Breakpoints are one of the keys to debugging. They pause (break) a program when it reaches a certain location. You can examine and change variables, then resume execution. This is helpful when seeing why certain inputs fail, or testing inputs.

break 45
break myfunction
Set a breakpoint at line 45, or at myfunction. The program will pause when it reaches the breakpoint.
watch x == 3
Set a watchpoint, which pauses the program when a condition changes (when x == 3 changes). Watchpoints are great for certain inputs (myPtr != NULL) without having to break on every function call.
continue
Resume execution after being paused by a breakpoint/watchpoint. The program will continue until it hits the next breakpoint/watchpoint.
delete N
Delete breakpoint N (breakpoints are numbered when created).

Setting Variables

Viewing and changing variables at run-time is a huge part of debugging. Try giving functions invalid inputs or running other test cases to find the root of problems. Typically, you will view/set variables when the program is paused.

print x
Print current value of variable x. Being able to use the original variable names is why the (-g) flag is needed; programs compiled regularly have this information removed.
set x = 3
set x = y
Set x to a set value (3) or to another variable (y)
call myfunction()
call myotherfunction(x)
call strlen(mystring)
Call user-defined or system functions. This is extremely useful, but beware calling buggy functions.
display x
undisplay x
Constantly display value of variable x, which is shown after every step or pause. Useful if you are constantly checking for a certain value. Use undisplay to remove the constant display.
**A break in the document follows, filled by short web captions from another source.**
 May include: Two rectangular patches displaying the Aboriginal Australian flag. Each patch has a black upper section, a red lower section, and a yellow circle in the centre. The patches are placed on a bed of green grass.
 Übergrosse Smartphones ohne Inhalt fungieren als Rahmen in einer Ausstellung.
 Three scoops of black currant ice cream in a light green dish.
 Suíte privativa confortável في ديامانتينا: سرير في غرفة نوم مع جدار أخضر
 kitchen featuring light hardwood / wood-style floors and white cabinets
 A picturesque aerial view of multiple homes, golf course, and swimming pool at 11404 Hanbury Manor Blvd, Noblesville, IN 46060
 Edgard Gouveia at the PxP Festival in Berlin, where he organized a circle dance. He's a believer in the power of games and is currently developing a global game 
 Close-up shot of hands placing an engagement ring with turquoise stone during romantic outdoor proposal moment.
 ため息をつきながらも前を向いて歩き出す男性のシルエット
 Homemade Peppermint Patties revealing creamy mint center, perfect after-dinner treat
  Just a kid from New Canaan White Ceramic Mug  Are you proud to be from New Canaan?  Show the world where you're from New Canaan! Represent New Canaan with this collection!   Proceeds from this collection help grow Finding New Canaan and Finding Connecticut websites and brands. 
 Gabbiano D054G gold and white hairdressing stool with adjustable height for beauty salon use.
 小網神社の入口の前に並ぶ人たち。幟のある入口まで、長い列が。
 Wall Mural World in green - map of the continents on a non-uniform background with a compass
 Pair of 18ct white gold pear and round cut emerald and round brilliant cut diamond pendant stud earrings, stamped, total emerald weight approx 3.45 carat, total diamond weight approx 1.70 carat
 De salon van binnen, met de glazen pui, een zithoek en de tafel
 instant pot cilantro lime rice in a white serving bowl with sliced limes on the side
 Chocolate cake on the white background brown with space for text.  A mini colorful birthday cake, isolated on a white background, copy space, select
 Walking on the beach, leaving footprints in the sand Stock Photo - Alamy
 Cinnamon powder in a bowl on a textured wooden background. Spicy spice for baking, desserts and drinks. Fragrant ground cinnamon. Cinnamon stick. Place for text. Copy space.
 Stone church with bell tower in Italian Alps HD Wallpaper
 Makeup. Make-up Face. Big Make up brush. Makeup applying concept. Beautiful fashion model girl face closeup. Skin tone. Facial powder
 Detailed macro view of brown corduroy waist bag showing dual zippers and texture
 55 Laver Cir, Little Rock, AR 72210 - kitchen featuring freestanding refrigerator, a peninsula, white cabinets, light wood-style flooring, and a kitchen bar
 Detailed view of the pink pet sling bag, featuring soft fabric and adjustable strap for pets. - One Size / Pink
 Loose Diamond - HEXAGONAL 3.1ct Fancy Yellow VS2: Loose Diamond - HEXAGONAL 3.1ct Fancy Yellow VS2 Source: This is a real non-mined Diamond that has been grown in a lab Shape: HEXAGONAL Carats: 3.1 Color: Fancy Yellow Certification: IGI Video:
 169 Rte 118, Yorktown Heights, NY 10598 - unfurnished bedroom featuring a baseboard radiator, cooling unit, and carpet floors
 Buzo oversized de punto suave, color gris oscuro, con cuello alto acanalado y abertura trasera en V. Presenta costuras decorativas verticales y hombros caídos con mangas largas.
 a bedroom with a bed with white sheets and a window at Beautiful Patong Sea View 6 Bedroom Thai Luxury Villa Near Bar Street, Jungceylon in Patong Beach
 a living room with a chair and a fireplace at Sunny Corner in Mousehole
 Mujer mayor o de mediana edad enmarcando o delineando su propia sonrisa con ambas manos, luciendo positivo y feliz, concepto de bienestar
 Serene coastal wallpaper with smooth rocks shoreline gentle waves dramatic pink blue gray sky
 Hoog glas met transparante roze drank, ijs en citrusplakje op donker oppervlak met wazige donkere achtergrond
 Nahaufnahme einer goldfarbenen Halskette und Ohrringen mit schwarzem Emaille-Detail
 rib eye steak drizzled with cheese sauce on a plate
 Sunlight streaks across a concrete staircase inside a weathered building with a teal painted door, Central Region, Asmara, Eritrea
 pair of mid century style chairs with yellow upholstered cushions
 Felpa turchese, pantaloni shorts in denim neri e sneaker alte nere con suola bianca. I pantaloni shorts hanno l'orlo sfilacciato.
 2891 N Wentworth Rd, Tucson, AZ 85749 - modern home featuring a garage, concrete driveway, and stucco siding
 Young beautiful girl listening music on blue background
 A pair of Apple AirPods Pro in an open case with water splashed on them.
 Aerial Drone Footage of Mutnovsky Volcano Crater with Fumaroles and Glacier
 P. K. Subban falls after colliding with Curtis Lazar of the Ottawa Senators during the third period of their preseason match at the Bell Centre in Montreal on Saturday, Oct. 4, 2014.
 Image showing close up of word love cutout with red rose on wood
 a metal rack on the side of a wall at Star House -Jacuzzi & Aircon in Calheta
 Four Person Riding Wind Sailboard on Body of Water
Backtrace and Changing Frames

The stack is a list of the current function calls - it shows you where you are in the program. A frame stores the details of a single function call, such as the arguments.

bt

Backtrace, aka print the current function stack to show where you are in the current program. If main calls function a(), which calls b(), which calls c(), the backtrace is

c <= current location b a main up down Move to the next frame up or down in the function stack. If you are in c, you can move to b or a to examine local variables. return Return from current function.


Handling Signals

Signals are messages thrown after certain events, such as a timer or error. GDB may pause when it encounters a signal; you may wish to ignore them instead.

handle [signalname] [action]
handle SIGUSR1 nostop
handle SIGUSR1 noprint
handle SIGUSR1 ignore
Tell GDB to ignore a certain signal (SIGUSR1) when it occurs. There are varying levels of ignoring.

Go through the following examples to understand the procedure of debugging a program and core dumped.

Debugging Example 1

This example demonstrate how would you capture an error which is happening because of an exception raised when dividing by zero.

Debugging Example 2

This example demonstrate a program that can dump a core due to non-initialized memory.

Both the programs are written in C++ nd generates core dump due to different reasons. After going through these two examples you should be in a position to debug your C or C++ programs generating core dumps.

Even though GDB can help you in finding out memory leakage related bugs but it is not a tool to detect memory leakages

GDB cannot be used for programs that do not compile without errors and it does not help in fixing those errors.